_DATASET EXTRACT_:
+--

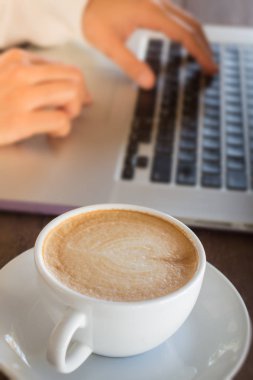 Laptop ve sıcak kahve ile çalışan kadın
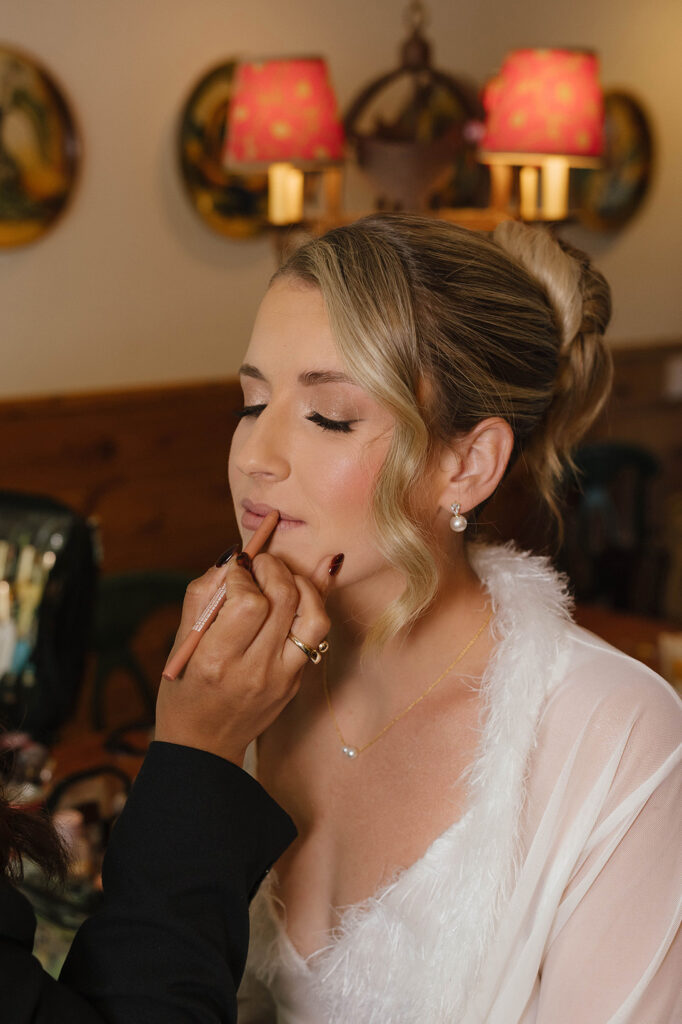 Bride with her eyes closed while makeup artist applies makeup to her with yellow lights in background at Garwoods Lake Tahoe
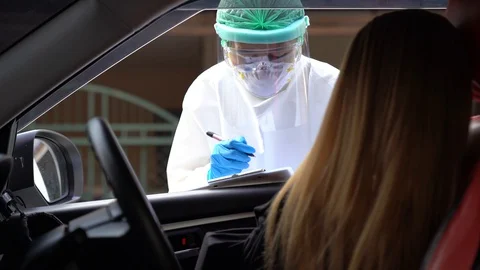Drive thru COVID-19 Test, Nasal swab Stock Footage 129654189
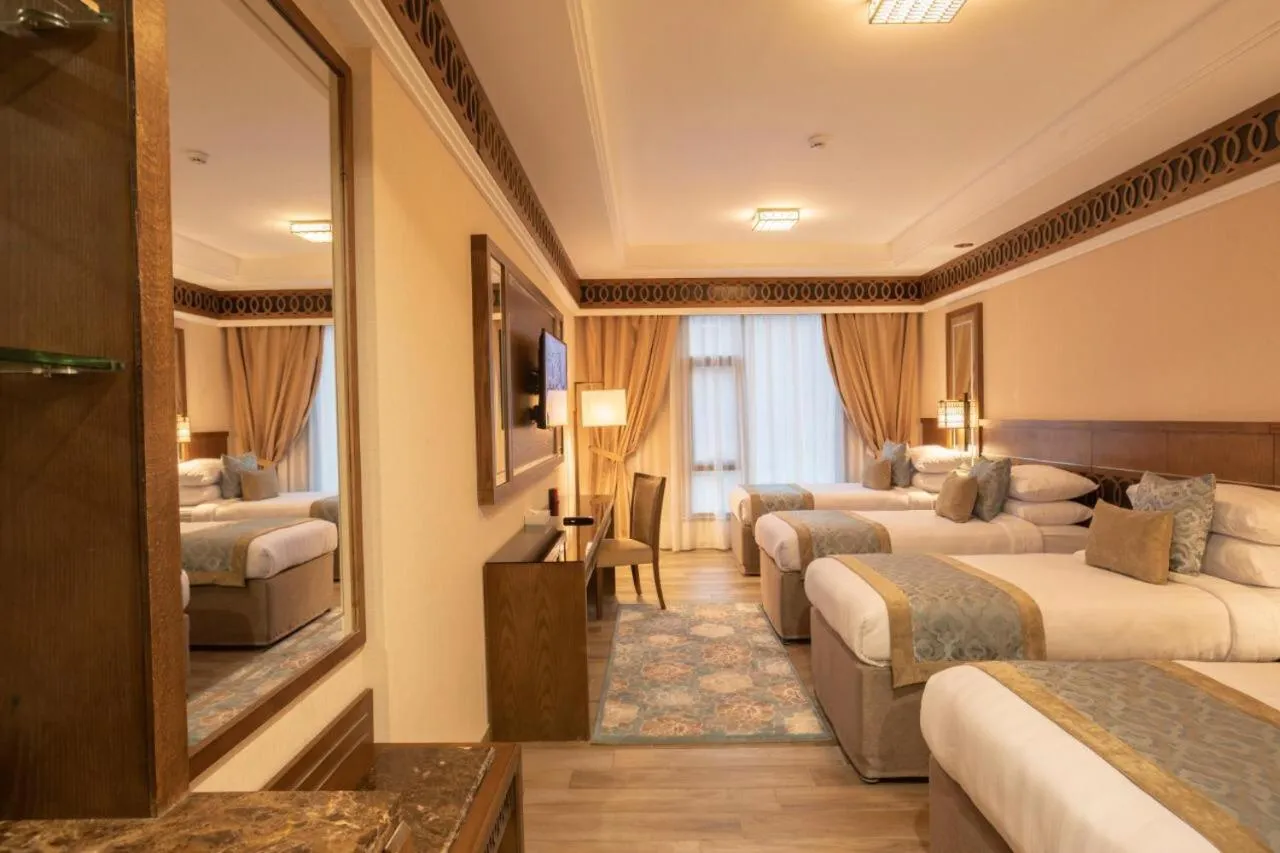 Bed in Violet Al Azizia Hotel MASJID Al Qatari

+--

_PROMPT_: Transcribe the material as is, with images omitted.

_RESULT OF THIS EXERCISE_:
 Laptop ve sıcak kahve ile çalışan kadın
 Bride with her eyes closed while makeup artist applies makeup to her with yellow lights in background at Garwoods Lake Tahoe
Drive thru COVID-19 Test, Nasal swab Stock Footage 129654189
 Bed in Violet Al Azizia Hotel MASJID Al Qatari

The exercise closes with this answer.